▸ **TRY IT**:
The data must be given again exactly as written, with all images omitted.

Pictures with short captions
──────

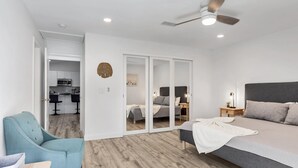 Un dormitorio moderno con una cama grande, un ventilador de techo y vistas a la cocina.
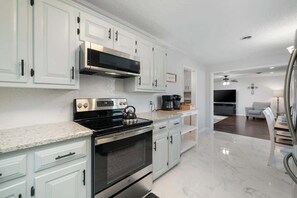 Fridge, microwave, oven, stovetop - The Nest-Cozy 4BR in the heart of town w/ fire pit (Fort Smith)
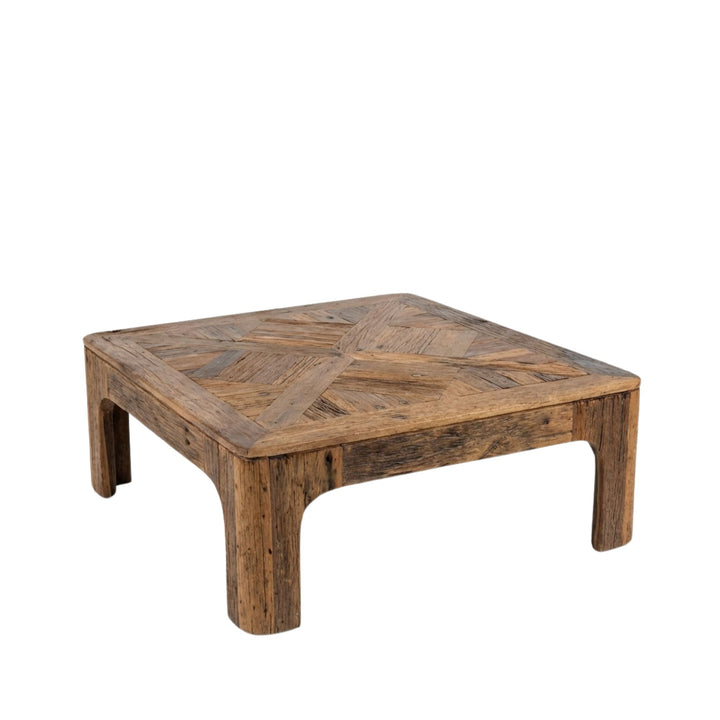 Angled view of Harat Coffee Table made from reclaimed wood with a solid, low-profile structure.
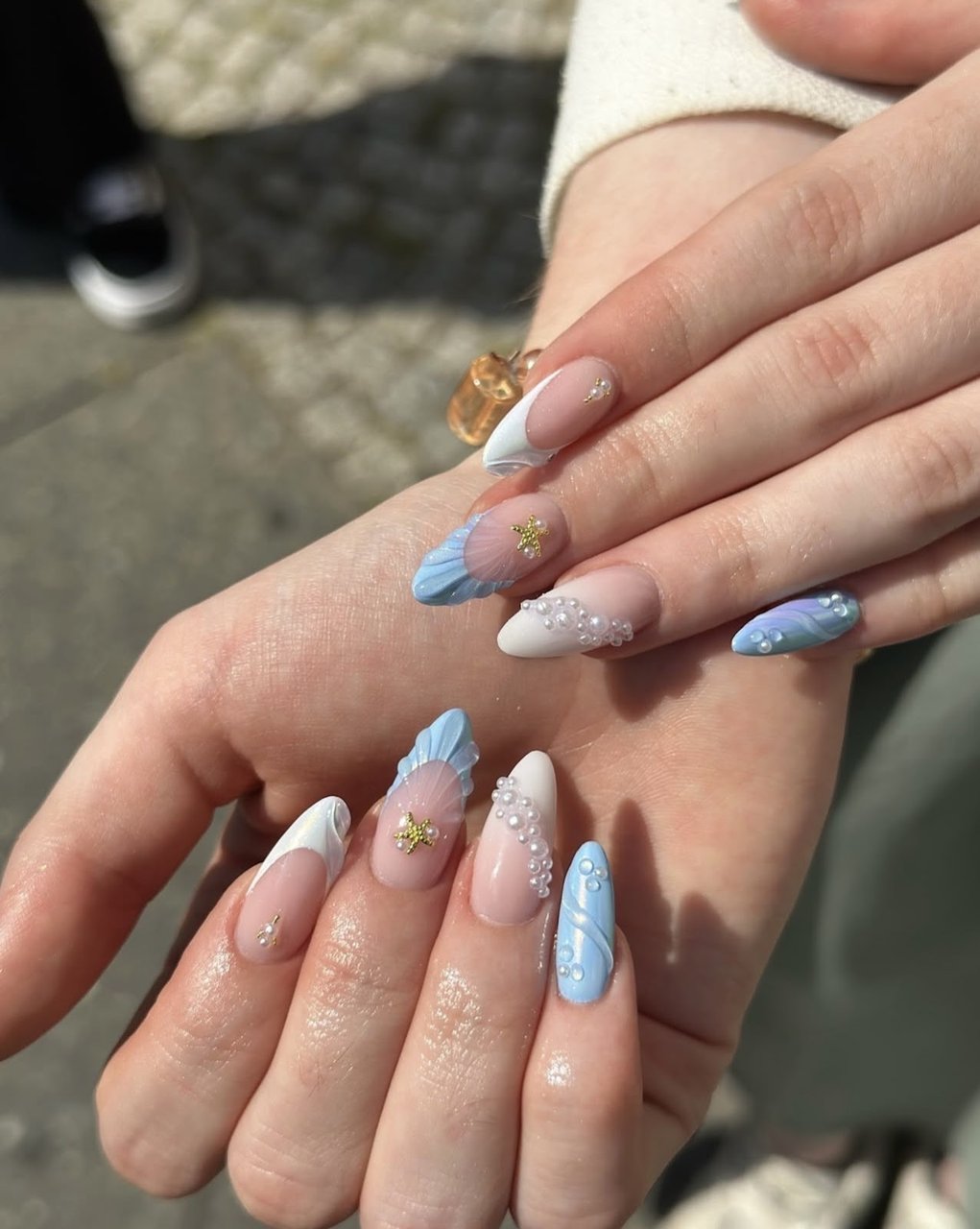 Light blue almond nails with pearls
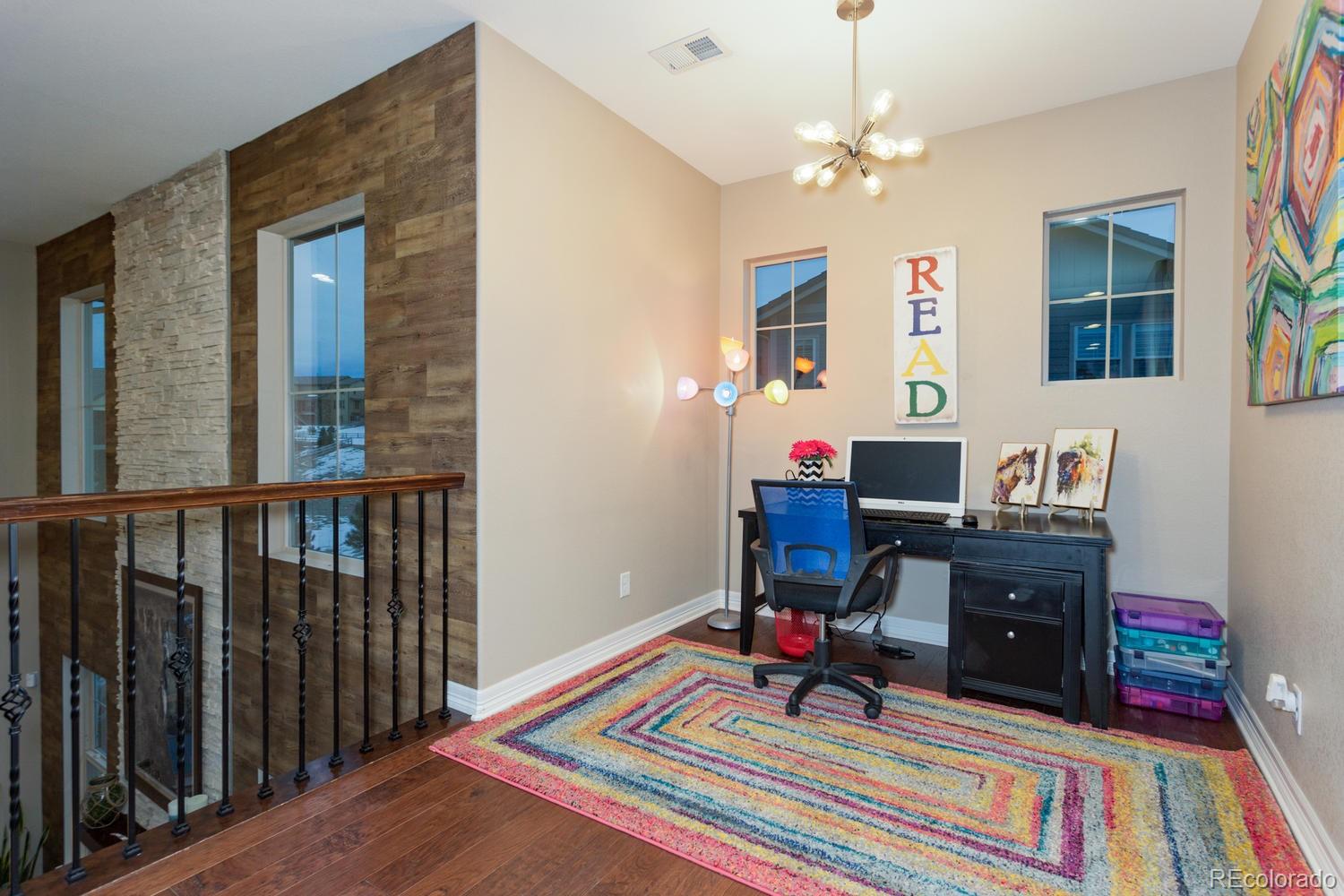 10808 Sundial Rim Road Highlands Ranch, CO 80126 - Photo 23 of 26 a workspace with furniture and a rug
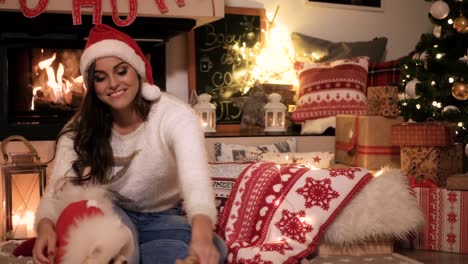 Woman-playing-with-playful-dog-at-home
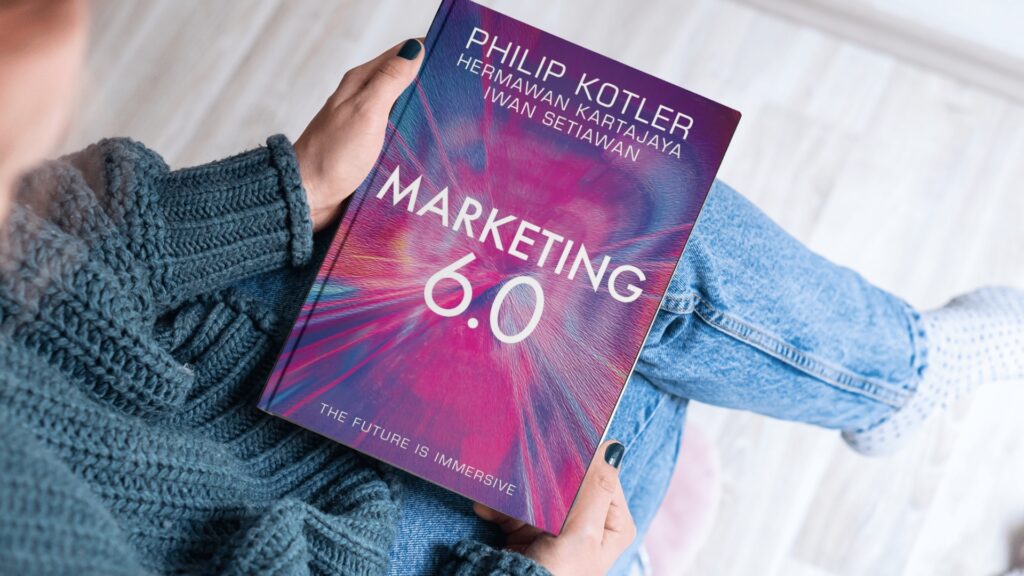 Pessoa segurando o livro Marketing 6.0, de Philip Kotler, Hermawan Kartajaya e Iwan Setiawan, com foco na evolução do marketing digital e imersivo.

──────

▸ **EXERCISE RESPONSE**:
 Un dormitorio moderno con una cama grande, un ventilador de techo y vistas a la cocina.
 Fridge, microwave, oven, stovetop - The Nest-Cozy 4BR in the heart of town w/ fire pit (Fort Smith)
 Angled view of Harat Coffee Table made from reclaimed wood with a solid, low-profile structure.
 Light blue almond nails with pearls
 10808 Sundial Rim Road Highlands Ranch, CO 80126 - Photo 23 of 26 a workspace with furniture and a rug
 Woman-playing-with-playful-dog-at-home
 Pessoa segurando o livro Marketing 6.0, de Philip Kotler, Hermawan Kartajaya e Iwan Setiawan, com foco na evolução do marketing digital e imersivo.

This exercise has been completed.